_What needs to be done_: An exact copy of the data is required. No picture may appear in it.

(Records from a dataset)

- - -

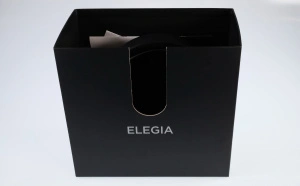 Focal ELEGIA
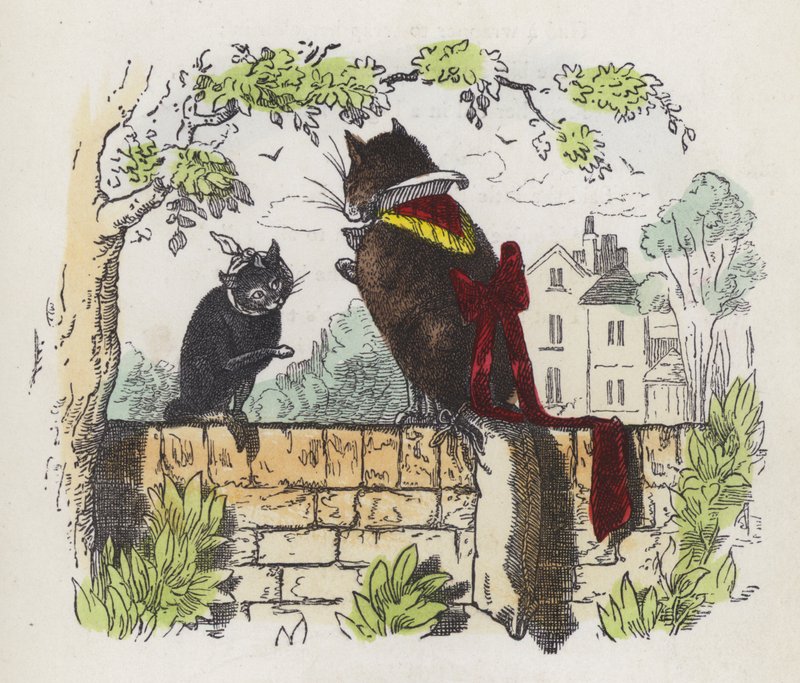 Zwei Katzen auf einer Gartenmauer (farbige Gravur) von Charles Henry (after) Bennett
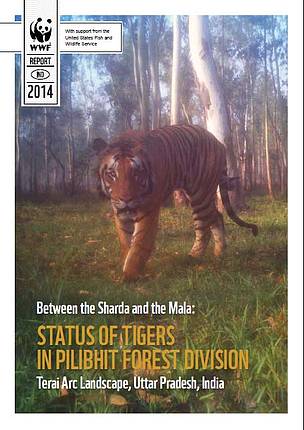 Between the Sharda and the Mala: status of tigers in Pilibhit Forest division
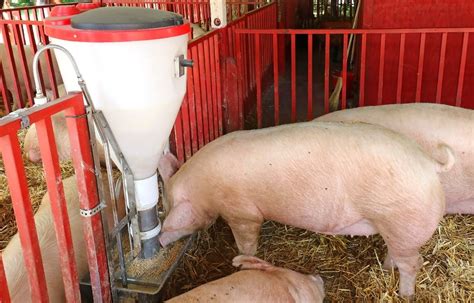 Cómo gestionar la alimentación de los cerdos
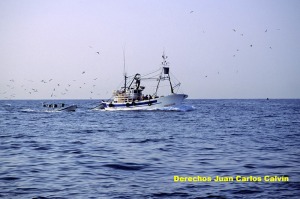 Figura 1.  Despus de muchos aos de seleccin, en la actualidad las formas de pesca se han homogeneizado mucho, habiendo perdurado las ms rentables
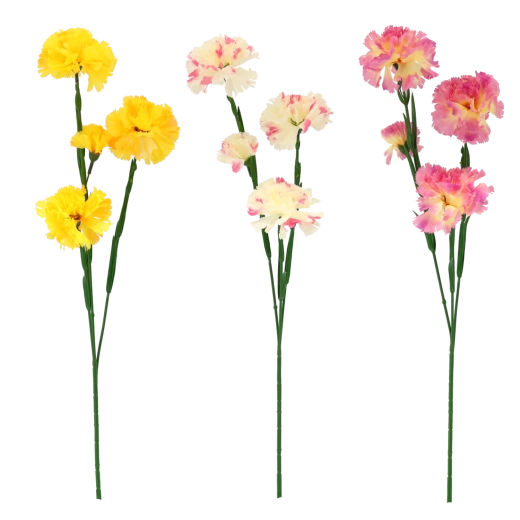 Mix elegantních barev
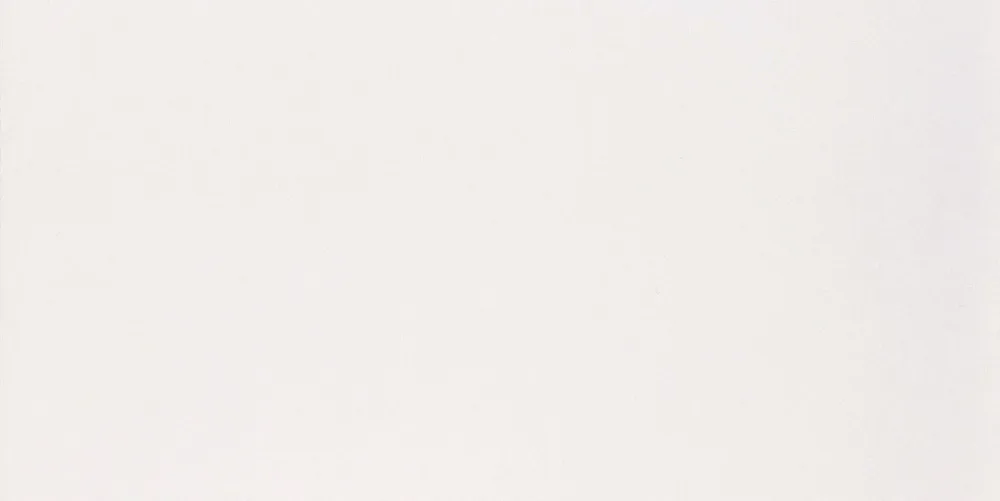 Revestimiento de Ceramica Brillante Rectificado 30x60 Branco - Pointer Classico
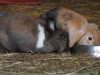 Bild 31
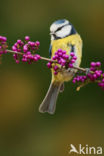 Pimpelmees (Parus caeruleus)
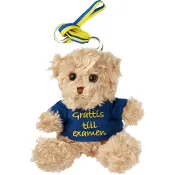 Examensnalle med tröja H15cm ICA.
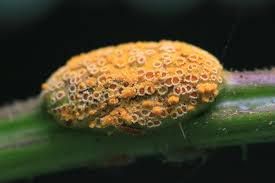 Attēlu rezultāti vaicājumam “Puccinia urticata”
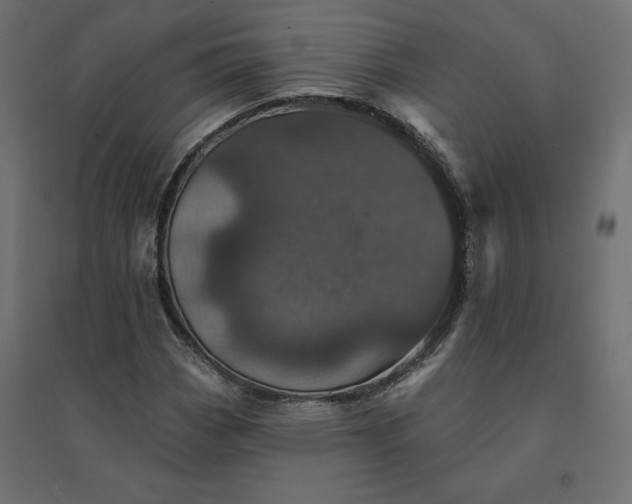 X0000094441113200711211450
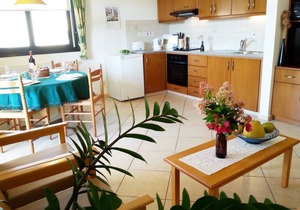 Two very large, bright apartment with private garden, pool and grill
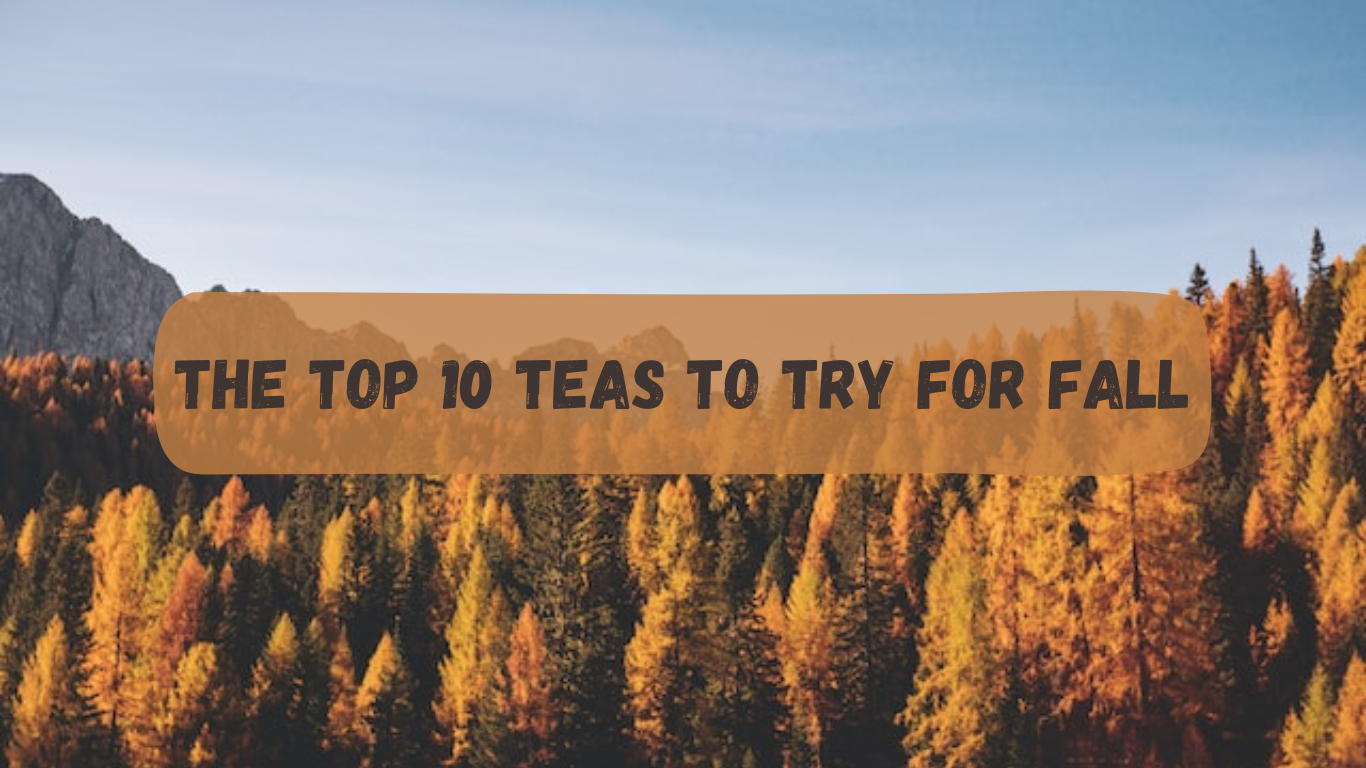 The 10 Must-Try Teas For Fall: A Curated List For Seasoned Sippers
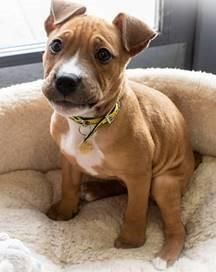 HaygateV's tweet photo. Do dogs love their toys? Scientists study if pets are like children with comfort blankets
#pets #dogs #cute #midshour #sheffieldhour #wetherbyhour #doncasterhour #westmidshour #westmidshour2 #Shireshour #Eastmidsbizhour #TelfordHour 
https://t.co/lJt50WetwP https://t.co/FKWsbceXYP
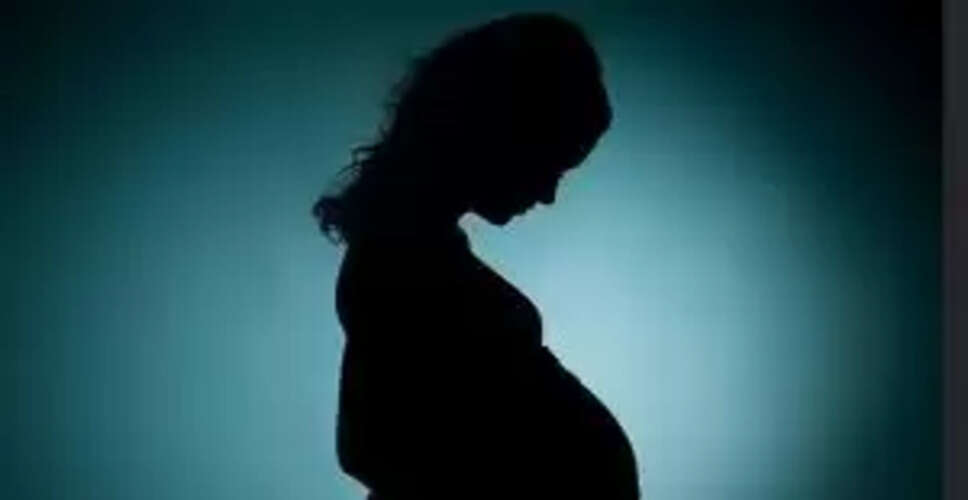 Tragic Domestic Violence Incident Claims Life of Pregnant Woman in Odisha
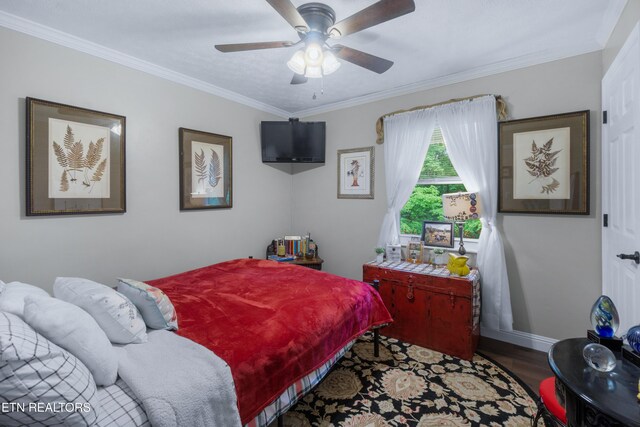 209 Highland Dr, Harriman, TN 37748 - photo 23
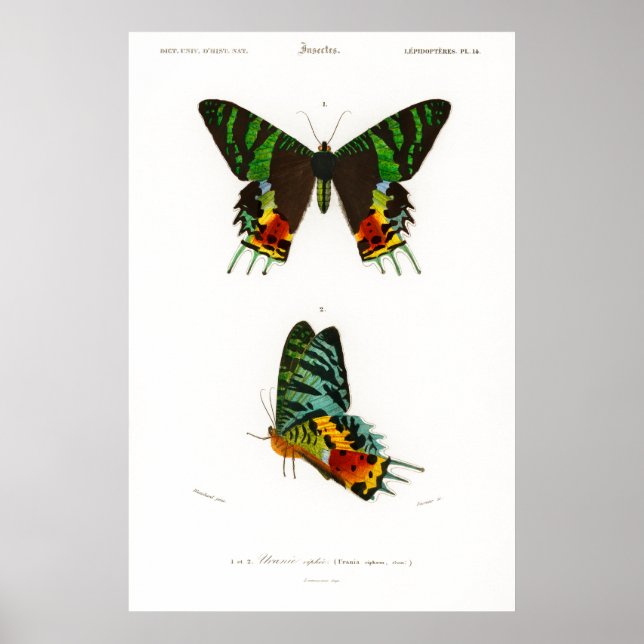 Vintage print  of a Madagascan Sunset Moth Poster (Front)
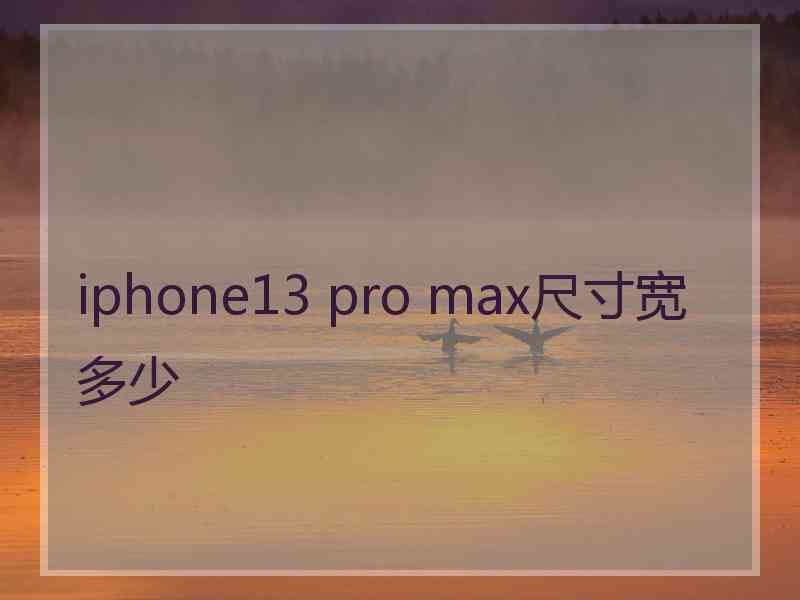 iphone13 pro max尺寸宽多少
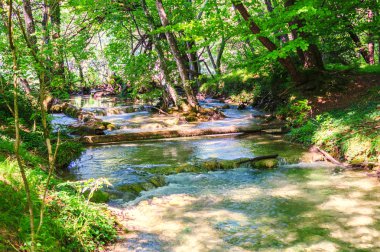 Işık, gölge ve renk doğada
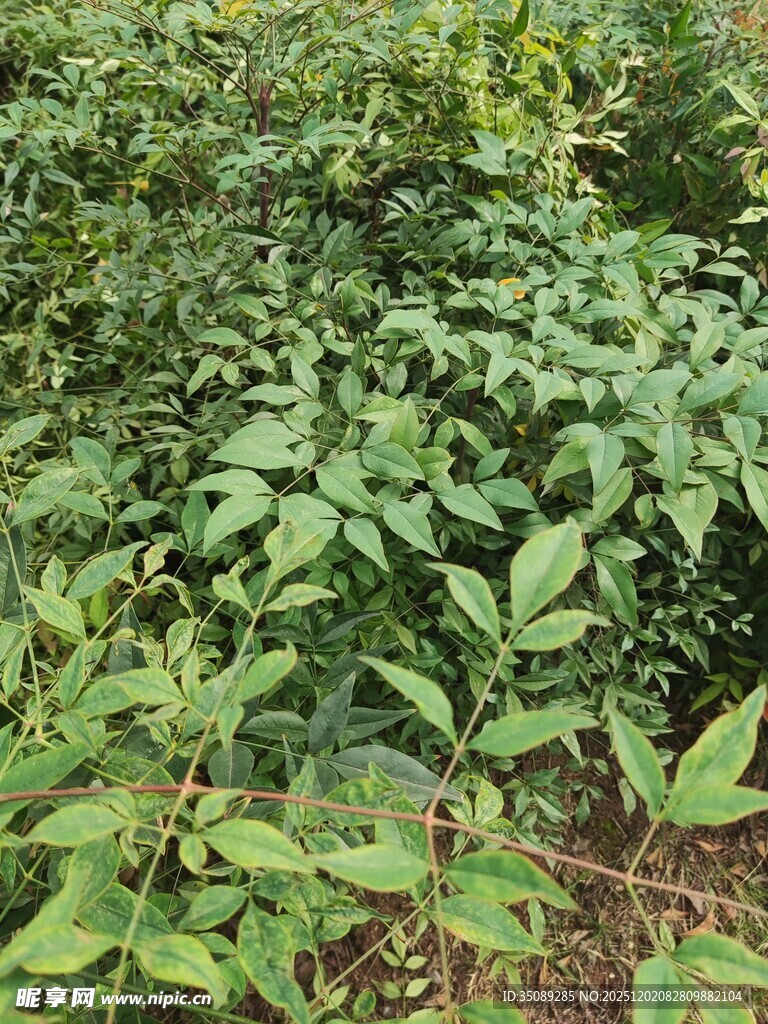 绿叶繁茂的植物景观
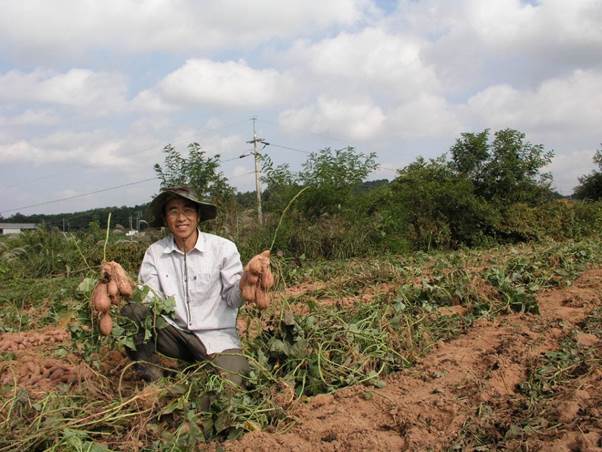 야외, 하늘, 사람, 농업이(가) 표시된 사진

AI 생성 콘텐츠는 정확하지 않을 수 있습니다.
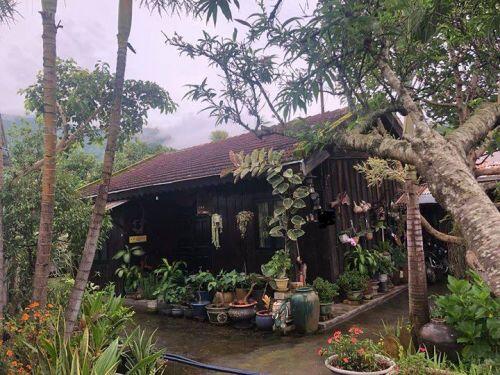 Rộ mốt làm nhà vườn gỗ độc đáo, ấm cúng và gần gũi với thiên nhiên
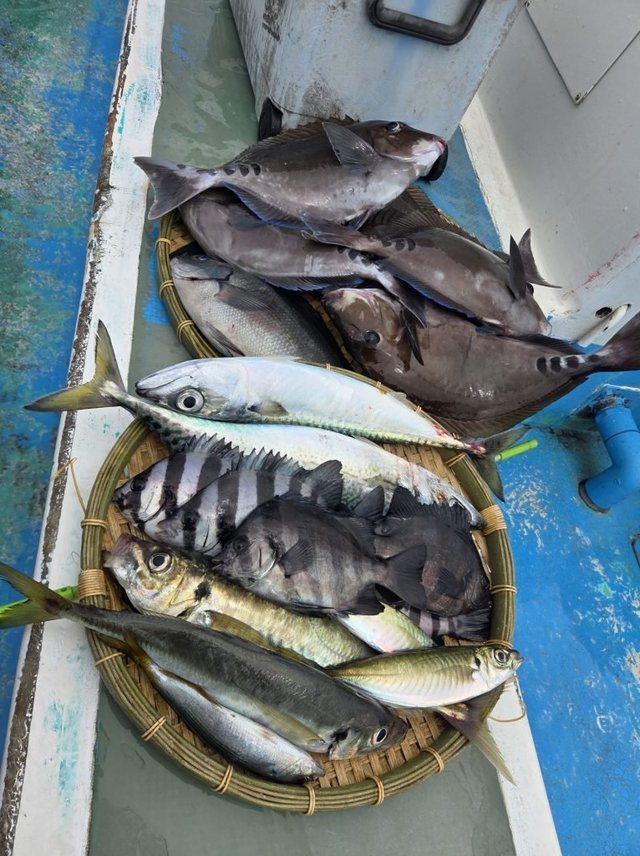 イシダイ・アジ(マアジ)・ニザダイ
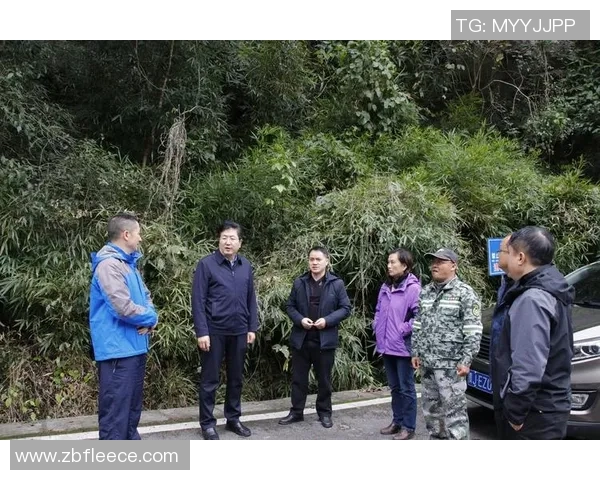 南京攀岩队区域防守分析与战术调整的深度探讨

- - -

_Written reply_:
 Focal ELEGIA
 Zwei Katzen auf einer Gartenmauer (farbige Gravur) von Charles Henry (after) Bennett
 Between the Sharda and the Mala: status of tigers in Pilibhit Forest division
 Cómo gestionar la alimentación de los cerdos
 Figura 1.  Despus de muchos aos de seleccin, en la actualidad las formas de pesca se han homogeneizado mucho, habiendo perdurado las ms rentables
 Mix elegantních barev
 Revestimiento de Ceramica Brillante Rectificado 30x60 Branco - Pointer Classico
 Bild 31
 Pimpelmees (Parus caeruleus)
 Examensnalle med tröja H15cm ICA.
 Attēlu rezultāti vaicājumam “Puccinia urticata”
 X0000094441113200711211450
 Two very large, bright apartment with private garden, pool and grill
 The 10 Must-Try Teas For Fall: A Curated List For Seasoned Sippers
 HaygateV's tweet photo. Do dogs love their toys? Scientists study if pets are like children with comfort blankets
#pets #dogs #cute #midshour #sheffieldhour #wetherbyhour #doncasterhour #westmidshour #westmidshour2 #Shireshour #Eastmidsbizhour #TelfordHour 
https://t.co/lJt50WetwP https://t.co/FKWsbceXYP
 Tragic Domestic Violence Incident Claims Life of Pregnant Woman in Odisha
 209 Highland Dr, Harriman, TN 37748 - photo 23
 Vintage print  of a Madagascan Sunset Moth Poster (Front)
 iphone13 pro max尺寸宽多少
 Işık, gölge ve renk doğada
 绿叶繁茂的植物景观
 야외, 하늘, 사람, 농업이(가) 표시된 사진

AI 생성 콘텐츠는 정확하지 않을 수 있습니다.
 Rộ mốt làm nhà vườn gỗ độc đáo, ấm cúng và gần gũi với thiên nhiên
 イシダイ・アジ(マアジ)・ニザダイ
 南京攀岩队区域防守分析与战术调整的深度探讨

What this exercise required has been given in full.